Through legal tech, consumer education, autonomous agent marketplaces, developer infrastructure, the settings change, but the underlying method stays the same, and the results are enough to suggest that consistency is the point.

When the Community Calls Back

Nine months after arriving in San Francisco, Morgan found himself on the other side of a judging table. In February 2026, he evaluated submissions at the AWS x Anthropic x Datadog GenAI Hackathon and, the following day, at the Google DeepMind x Cactus Compute Global Hackathon organised through AI Tinkerers SF. He had competed at events run by the same community not long before. Judging invitations at events like these tends to go to people whose opinions the organisers trust, and that trust is usually built through demonstrated work over time rather than through a public profile.
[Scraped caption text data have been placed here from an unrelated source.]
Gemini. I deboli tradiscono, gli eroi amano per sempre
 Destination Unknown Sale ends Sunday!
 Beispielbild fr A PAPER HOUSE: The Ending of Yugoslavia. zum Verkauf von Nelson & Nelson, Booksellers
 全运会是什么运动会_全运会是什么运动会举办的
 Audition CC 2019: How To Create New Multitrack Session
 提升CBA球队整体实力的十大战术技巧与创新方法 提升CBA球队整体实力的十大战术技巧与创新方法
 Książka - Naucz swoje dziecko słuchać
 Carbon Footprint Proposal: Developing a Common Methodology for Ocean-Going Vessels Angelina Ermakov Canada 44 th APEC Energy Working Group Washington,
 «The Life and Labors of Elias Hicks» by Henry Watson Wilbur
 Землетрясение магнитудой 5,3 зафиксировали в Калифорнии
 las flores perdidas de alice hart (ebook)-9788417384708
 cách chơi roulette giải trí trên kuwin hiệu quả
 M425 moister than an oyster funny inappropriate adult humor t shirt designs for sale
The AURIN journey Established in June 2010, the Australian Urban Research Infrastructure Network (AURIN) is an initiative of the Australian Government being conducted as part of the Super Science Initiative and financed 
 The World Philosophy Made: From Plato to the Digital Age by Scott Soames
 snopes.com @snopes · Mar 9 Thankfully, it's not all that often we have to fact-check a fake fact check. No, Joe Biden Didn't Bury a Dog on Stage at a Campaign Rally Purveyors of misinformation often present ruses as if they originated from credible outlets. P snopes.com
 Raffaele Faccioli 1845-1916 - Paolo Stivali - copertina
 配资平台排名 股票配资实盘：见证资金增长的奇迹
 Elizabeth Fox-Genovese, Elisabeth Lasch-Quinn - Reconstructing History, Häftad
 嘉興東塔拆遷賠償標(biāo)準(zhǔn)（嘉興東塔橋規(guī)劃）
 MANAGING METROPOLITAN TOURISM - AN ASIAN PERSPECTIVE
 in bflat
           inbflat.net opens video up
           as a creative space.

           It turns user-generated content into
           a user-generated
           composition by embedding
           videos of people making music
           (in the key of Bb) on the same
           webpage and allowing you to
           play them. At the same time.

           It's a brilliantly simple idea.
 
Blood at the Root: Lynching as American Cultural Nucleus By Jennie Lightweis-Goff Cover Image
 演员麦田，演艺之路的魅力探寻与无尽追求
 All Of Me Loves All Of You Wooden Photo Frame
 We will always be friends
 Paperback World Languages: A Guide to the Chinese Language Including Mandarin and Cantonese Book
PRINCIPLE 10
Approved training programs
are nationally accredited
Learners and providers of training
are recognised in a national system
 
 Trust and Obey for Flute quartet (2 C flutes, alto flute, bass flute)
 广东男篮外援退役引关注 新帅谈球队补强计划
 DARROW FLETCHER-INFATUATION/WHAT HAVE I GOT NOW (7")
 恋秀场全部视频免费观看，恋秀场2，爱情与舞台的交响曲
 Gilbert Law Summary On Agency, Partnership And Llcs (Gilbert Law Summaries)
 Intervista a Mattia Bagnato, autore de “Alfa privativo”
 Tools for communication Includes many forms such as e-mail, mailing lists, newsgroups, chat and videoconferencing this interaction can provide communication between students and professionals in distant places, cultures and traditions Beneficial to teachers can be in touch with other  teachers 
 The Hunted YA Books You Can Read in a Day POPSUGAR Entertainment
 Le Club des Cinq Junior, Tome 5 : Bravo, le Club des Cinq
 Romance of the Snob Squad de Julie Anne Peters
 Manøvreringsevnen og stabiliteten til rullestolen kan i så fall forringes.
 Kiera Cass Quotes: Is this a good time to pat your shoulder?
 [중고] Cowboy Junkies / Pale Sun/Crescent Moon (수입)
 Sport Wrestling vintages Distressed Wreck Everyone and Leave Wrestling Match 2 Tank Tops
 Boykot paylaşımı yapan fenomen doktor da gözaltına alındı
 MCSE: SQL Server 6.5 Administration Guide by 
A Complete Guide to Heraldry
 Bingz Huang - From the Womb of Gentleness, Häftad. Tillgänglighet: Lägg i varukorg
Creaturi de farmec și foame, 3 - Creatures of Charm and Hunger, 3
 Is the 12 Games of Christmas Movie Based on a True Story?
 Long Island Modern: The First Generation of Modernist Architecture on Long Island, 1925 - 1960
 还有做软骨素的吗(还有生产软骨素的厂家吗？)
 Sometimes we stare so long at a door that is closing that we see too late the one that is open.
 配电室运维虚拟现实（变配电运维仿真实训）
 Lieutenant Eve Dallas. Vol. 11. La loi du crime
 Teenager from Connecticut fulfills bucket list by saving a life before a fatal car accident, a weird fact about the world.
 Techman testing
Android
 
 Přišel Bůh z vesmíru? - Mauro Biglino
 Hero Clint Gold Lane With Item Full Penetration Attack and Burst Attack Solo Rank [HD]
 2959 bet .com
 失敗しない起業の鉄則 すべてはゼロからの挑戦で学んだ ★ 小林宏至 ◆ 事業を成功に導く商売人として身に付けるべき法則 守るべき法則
The open-source work has followed its own quiet arc. Meridian, Reflex, and Waypoint each address a different part of the same problem, i.e., context, routing, and coherence for AI-assisted development. Together, they represent an earlier body of work around Claude Code and session context, and they have drawn attention from developers working through similar problems independently

The Regulated Proving Ground

ATG, founded by Dillon Erb and Daniel Kobran, who previously co-founded Paperspace before its nine-figure acquisition by DigitalOcean, builds AI systems for financial intelligence and operates within a regulated environment that includes working through an SEC-registered investment adviser. Morgan works across product features, backend and frontend systems, and the infrastructure supporting the company's AI-driven financial advisor.

The environment changes the stakes in a specific way. In a hackathon, an agent acting on incomplete information produces a weaker project. Inside a regulated financial product, the same failure produces something with potential legal and compliance consequences. The verification steps Morgan had built into his process as a matter of good practice became, in this setting, the difference between a system that could be shipped and one that could not. "In a regulated environment, the verification layer becomes even more critical," he says. "Agents need to check their own work rigorously, and the human in the loop needs to stay responsible for direction and standards across every step."

He has been programming since the age of ten, and most of what he knows was built through years of independent work before any formal curriculum entered the picture. That instinct toward self-directed, hands-on learning is probably why the methodology he has developed does not look like something that came out of a course or a textbook. It looks like something that was arrived at through repetition, failure, and adjustment across many different kinds of projects.

How much of their work engineers should hand to AI agents is a question the industry has not fully settled. Morgan has been testing one answer to it across a fairly wide range of conditions over the past year, from weekend competitions to a production financial system, and the conclusion he keeps arriving at is that the preparation matters more than the model. Giving an agent the right context before it starts is where most of the real work happens.

Most developers still use AI as a smarter autocomplete or a chatbot for isolated questions. Morgan's working method starts from a different assumption. If agents are going to work across real projects, they need an operating environment around them, one that gives them access to the right context, task state, tools, boundaries, and verification loops before the work is trusted.

"I structure that information so agents can find what matters, understand prior decisions, and act with much better situational awareness than a typical prompt-based workflow allows," Morgan says. "What changes when you do this properly is that the agent stops being reactive and starts being genuinely useful across complex, ongoing work."